Last updated Apr 15, 2025

Data Extraction Training overview

What is Data Extraction Training

Data Extraction Training is a component in the Document Understanding^TM Framework that helps in closing the feedback loop for extractors that are capable of learning from human feedback. This would help extractors perform better on subsequent documents (depending on their own learning capabilities).

When Data Extraction Training should be used

You can build Document Understanding processes that do not contain any training component. This may occur for multiple reasons, of which some are:

the extractors you are using do not support retraining
you don't want to perform retraining as you'd rather have the process always use the same training
you want to update the extractor training offline and you are managing its updates outside of your DU process.

Training your extractors as part of regular process usage is, though, of great benefit in a majority of cases, because the extractors can gather their own training data and perform their own updates by ingesting the human validation information, without requiring you to update your already existing workflows in any way. They become, so to speak, self-learning algorithms that can teach themselves to act better in the future, based on what the humans have validated as correct data.

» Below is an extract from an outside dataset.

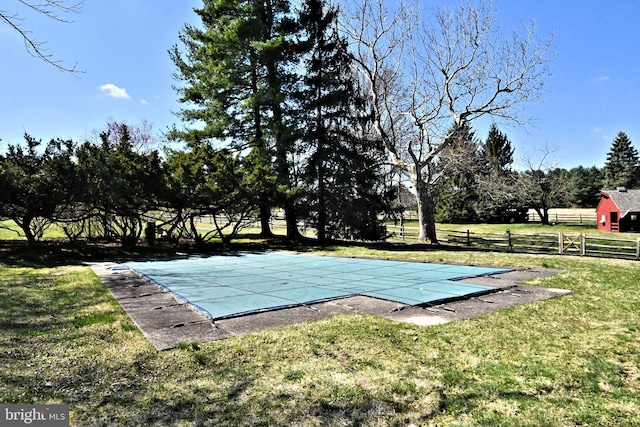 view of swimming pool with a lawn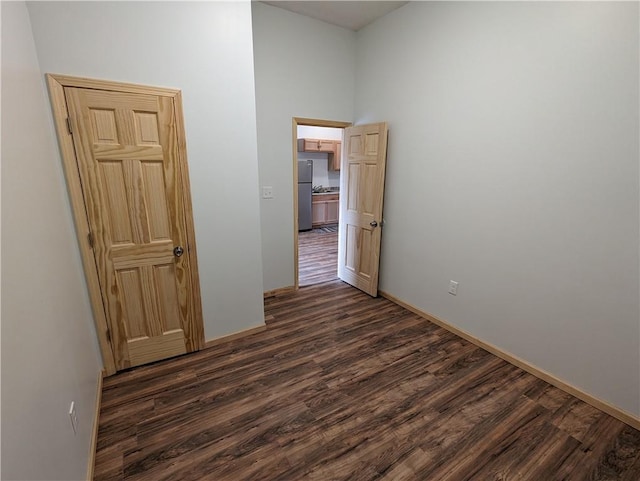 700 W 40th Hwy, Sweet Springs, MO 65351 - spare room with dark wood-type flooring and baseboards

How to use the Data Extraction Training component

Data Extraction training is done through the Train Extractors Scope activity. You can train one or more extractors, as the scope activity has the role of configuring and executing one or more algorithms for extractor training in one go.

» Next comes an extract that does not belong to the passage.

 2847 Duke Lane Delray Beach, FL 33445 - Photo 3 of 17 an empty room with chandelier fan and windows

Data Extraction training is usually run after Data Extraction Validation: only human confirmed feedback should be sent back to the classifiers for training, to ensure accuracy of the training data received by the algorithms.

Data Extraction training should be run both in the case automatically extracted data is correct (no corrections were required), as well as in the case of human corrections. This is because both cases are useful for the algorithms to learn from.

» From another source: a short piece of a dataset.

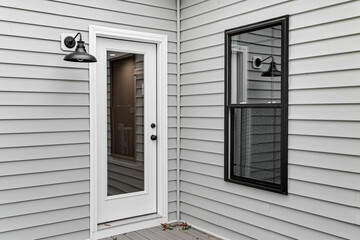Classic New Home Exterior with Grey Siding Featuring a Door with Glass Panel and A Side Window...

You can train both extractors that have been used in the Data Extraction component, as well as extractors that have not been used for data extraction prediction. The latter approach is used for collecting training data and training an extractor from scratch, with the intent of later putting it to use by adding it to document understanding workflows.

In short, this is what the Train Extractors Scope does:

Provides all Extractor Trainers (training algorithms) the necessary configurations for them to run.
Accepts one or more extractor trainers.
Allows for document type and field level filtering and taxonomy mapping between the project taxonomy and any internal extractor taxonomies.

The Train Extractors Scope allows you to configure it by using the Configure Extractors wizard. You can customize

which document types and which fields are sent for training to which extractor trainer,
what is the taxonomy mapping, at document type level and field level, between the project taxonomy and the extractor's internal taxonomy (if any).

The Train Extractors Scope also allows you to uniquely identify an Extractor - Extractor Trainer pair of activities, by using the same Framework Alias string in both the Data Extraction Scope as well as the Training scope.